Une autre source d'erreurs vient de ce que l'apprenant d'une langue étrangère essaie de trouver un équilibre entre les moyens dont il dispose dans L2 et ses intentions de communication. Il cherche ainsi des points d'ancrage qu'il trouve soit dans le système de L1 soit dans les connaissances qu'il a de L2. Il recourt alors à des extensions analogiques qui peuvent se révéler abusives et qui donnent ainsi des erreurs qu'on appelle interférentielles si elles proviennent du système de L1 ou internes s'il a utilisé les données acquises dans L2.

La langue source exerce en effet sur l'acquisition de la langue cible une double influence, à la fois positive et négative. C'est grâce à la connaissance de sa propre langue qu'un individu peut apprendre une langue étrangère, mais cette langue maternelle est aussi un facteur de ralentissement de l'acquisition de la langue cible. DEBYSER appelle ‘"transfert l'effet positif d'un apprentissage sur un autre et interférence l'effet négatif"173 ’. L'interférence peut être psychologique, et est alors considérée comme une contamination de comportement, mais elle peut être aussi linguistique, parce qu'elle caractérise un accident de bilinguisme ou pédagogique si elle représente un cas particulier d'erreur. Elle est fonction de différences régulières qui séparent les deux langues en contact, favorisée par des ressemblances quant au contenu ou à l'expression.
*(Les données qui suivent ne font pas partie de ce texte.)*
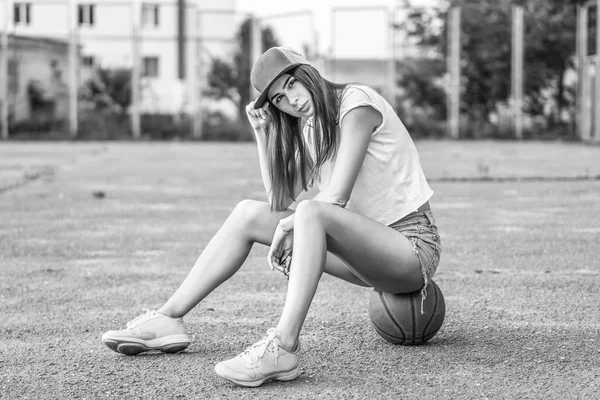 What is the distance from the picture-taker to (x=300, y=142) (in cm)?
423

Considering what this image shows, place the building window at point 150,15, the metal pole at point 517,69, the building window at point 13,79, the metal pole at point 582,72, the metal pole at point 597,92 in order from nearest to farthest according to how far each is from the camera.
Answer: the metal pole at point 597,92 → the metal pole at point 582,72 → the metal pole at point 517,69 → the building window at point 13,79 → the building window at point 150,15

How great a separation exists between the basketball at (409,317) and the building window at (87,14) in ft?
95.4

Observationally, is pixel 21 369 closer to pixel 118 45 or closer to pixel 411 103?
pixel 411 103

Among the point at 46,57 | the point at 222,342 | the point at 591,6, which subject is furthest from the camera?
the point at 46,57

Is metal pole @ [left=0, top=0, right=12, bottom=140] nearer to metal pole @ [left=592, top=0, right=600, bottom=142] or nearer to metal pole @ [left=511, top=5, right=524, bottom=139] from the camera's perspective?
metal pole @ [left=511, top=5, right=524, bottom=139]

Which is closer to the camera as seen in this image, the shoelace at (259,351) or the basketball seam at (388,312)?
the shoelace at (259,351)

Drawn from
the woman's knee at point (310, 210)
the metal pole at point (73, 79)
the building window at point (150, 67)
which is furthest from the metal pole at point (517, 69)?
the woman's knee at point (310, 210)

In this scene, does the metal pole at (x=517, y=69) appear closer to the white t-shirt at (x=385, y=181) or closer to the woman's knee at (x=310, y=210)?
the white t-shirt at (x=385, y=181)

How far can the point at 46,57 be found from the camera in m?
30.3

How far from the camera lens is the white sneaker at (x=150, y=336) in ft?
13.4

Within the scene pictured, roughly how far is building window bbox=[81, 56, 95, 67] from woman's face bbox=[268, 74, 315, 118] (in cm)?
2816

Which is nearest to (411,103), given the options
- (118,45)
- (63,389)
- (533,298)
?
(118,45)

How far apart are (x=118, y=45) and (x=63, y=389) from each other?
28269 mm

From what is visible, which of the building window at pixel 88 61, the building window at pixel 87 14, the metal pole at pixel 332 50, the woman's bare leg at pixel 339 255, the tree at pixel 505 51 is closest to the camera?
the woman's bare leg at pixel 339 255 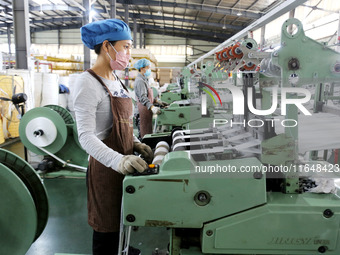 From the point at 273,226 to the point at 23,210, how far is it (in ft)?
3.81

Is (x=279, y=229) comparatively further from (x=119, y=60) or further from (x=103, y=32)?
(x=103, y=32)

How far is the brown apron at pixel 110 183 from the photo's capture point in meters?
1.37

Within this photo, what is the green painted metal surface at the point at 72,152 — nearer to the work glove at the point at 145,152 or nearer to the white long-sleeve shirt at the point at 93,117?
the work glove at the point at 145,152

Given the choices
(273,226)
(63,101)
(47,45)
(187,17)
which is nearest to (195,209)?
(273,226)

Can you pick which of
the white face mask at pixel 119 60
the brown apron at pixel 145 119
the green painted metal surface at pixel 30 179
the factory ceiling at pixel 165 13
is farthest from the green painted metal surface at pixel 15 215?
the factory ceiling at pixel 165 13

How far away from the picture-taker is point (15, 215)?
1.37 meters

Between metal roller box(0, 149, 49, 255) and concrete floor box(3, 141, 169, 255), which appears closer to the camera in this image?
metal roller box(0, 149, 49, 255)

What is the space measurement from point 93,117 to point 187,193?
550 millimetres

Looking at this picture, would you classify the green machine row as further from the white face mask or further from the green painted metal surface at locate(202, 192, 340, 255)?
the white face mask

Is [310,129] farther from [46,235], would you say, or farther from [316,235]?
[46,235]

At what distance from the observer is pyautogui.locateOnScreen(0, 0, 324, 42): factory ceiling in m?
10.4

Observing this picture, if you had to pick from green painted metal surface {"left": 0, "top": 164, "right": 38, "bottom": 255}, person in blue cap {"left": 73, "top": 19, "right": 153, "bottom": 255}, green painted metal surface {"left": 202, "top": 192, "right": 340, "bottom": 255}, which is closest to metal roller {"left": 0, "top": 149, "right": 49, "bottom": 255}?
green painted metal surface {"left": 0, "top": 164, "right": 38, "bottom": 255}

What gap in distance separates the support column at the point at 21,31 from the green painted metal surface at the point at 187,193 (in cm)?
507

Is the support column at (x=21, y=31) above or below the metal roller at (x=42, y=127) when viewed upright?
above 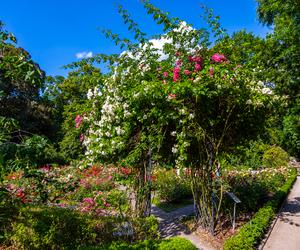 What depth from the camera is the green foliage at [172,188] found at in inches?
368

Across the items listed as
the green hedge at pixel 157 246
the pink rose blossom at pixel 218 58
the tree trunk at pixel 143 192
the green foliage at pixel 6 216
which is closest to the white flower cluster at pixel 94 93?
the tree trunk at pixel 143 192

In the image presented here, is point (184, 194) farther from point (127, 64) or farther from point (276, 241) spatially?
point (127, 64)

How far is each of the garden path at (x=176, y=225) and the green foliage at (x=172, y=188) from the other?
0.69 m

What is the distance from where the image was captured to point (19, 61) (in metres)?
2.73

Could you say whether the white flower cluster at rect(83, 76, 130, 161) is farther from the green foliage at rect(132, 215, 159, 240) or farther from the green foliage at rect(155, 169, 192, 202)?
the green foliage at rect(155, 169, 192, 202)

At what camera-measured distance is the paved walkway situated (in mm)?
5615

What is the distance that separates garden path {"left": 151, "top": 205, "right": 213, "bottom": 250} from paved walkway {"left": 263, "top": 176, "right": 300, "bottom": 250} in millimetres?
1243

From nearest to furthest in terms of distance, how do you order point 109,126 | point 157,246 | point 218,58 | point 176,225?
1. point 157,246
2. point 218,58
3. point 109,126
4. point 176,225

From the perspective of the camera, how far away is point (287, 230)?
6.41 metres

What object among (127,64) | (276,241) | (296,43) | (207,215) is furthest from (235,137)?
(296,43)

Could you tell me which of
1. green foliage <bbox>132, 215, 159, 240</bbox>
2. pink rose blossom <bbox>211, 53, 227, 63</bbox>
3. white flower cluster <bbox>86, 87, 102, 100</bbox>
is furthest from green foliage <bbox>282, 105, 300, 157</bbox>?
green foliage <bbox>132, 215, 159, 240</bbox>

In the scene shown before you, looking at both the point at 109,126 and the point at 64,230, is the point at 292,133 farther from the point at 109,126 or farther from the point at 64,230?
the point at 64,230

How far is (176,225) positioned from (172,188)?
269 cm

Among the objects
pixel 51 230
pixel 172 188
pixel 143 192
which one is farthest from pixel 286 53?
pixel 51 230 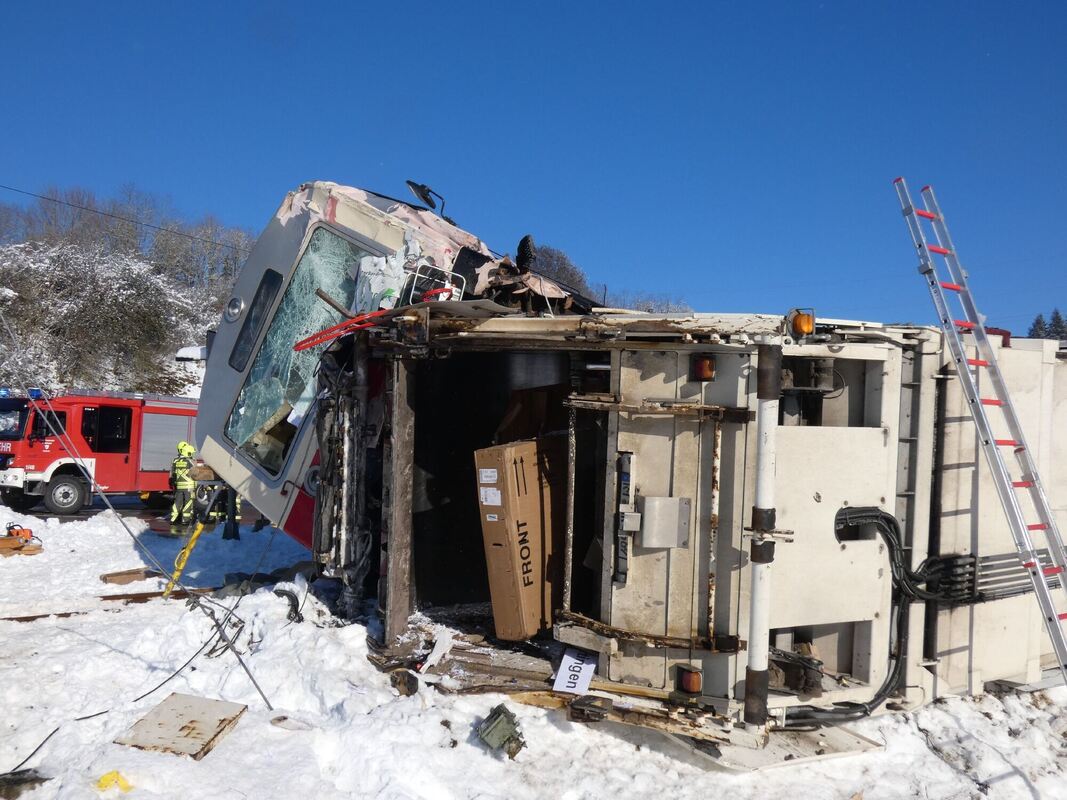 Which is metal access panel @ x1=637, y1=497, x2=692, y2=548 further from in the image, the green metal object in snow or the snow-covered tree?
the snow-covered tree

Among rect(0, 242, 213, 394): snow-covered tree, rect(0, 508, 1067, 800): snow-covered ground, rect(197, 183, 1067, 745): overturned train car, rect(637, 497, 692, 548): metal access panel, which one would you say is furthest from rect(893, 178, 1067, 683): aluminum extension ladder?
rect(0, 242, 213, 394): snow-covered tree

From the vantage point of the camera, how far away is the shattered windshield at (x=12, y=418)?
1448cm

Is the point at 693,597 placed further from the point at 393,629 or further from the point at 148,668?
the point at 148,668

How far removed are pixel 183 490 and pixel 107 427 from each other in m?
4.31

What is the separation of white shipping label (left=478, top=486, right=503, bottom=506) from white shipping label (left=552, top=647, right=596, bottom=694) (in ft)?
3.51

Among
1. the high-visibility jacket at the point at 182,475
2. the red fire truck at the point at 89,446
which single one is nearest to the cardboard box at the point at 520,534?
the high-visibility jacket at the point at 182,475

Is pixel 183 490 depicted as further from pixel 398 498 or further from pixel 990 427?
pixel 990 427

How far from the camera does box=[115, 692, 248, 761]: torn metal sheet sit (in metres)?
3.96

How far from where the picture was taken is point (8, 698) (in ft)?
15.0

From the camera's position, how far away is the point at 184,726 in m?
4.20

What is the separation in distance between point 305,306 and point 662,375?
11.8ft

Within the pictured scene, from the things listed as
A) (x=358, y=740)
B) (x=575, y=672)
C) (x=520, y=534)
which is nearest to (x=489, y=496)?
(x=520, y=534)

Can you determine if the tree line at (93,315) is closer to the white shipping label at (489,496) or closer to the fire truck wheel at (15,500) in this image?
the fire truck wheel at (15,500)

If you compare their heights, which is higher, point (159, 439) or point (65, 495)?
point (159, 439) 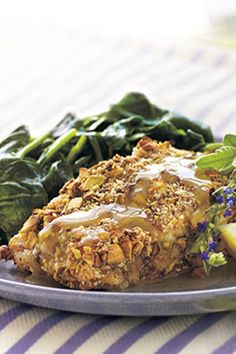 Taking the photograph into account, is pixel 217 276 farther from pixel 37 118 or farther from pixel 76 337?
pixel 37 118

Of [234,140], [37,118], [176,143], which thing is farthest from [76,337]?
[37,118]

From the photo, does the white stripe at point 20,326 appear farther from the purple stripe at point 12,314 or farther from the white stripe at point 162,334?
the white stripe at point 162,334

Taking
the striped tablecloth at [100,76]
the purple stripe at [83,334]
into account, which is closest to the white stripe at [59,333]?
the purple stripe at [83,334]

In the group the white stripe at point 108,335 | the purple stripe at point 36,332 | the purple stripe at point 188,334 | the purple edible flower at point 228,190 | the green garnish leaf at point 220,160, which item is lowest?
the purple stripe at point 188,334

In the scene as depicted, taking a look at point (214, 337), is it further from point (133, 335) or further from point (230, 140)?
point (230, 140)

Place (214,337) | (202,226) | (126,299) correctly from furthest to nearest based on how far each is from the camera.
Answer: (202,226)
(214,337)
(126,299)

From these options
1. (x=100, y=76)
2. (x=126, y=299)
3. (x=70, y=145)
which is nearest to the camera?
(x=126, y=299)

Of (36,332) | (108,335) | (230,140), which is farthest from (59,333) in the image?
(230,140) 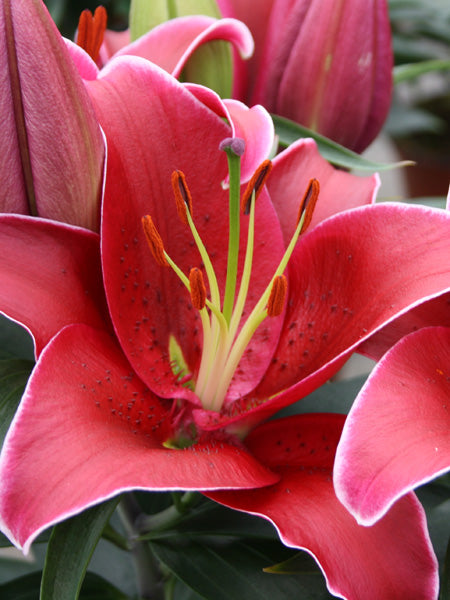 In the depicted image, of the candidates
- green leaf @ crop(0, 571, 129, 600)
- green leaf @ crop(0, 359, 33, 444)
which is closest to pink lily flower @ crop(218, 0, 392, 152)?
green leaf @ crop(0, 359, 33, 444)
La présence des interférences montre que l'apprenant fait des rapprochements, même s'ils se révèlent abusifs, à cause d'équivalences sémantiques et de ressemblances formelles entre les deux langues. Les interférences peuvent aussi affecter des constituants d'étendue différente allant de l'unité constitutive non significative et du mot jusqu'à la phrase dans son ensemble. Elles peuvent en outre affecter aussi bien la réception que l'émission.

L'erreur interne est surtout visible dans les paradigmes de conjugaison verbale. L'apprenant tente de régulariser selon un nouveau système interne des formes aberrantes en les ramenant à des formes statistiquement plus fréquentes.

Toutes ces analogies sont fondées sur la puissance inductive des formes de haute fréquence d'une part et des formes antérieurement acquises d'autre part. L'enseignant devra faire face à ces productions d'erreurs par l'élaboration d'une stratégie d'enseignement des formants aberrants.

Notes
173.

DEBYSER, Francis (1970), "La linguistique contrastive et les interférences", in: Langue française, 8, pages 31 à 61.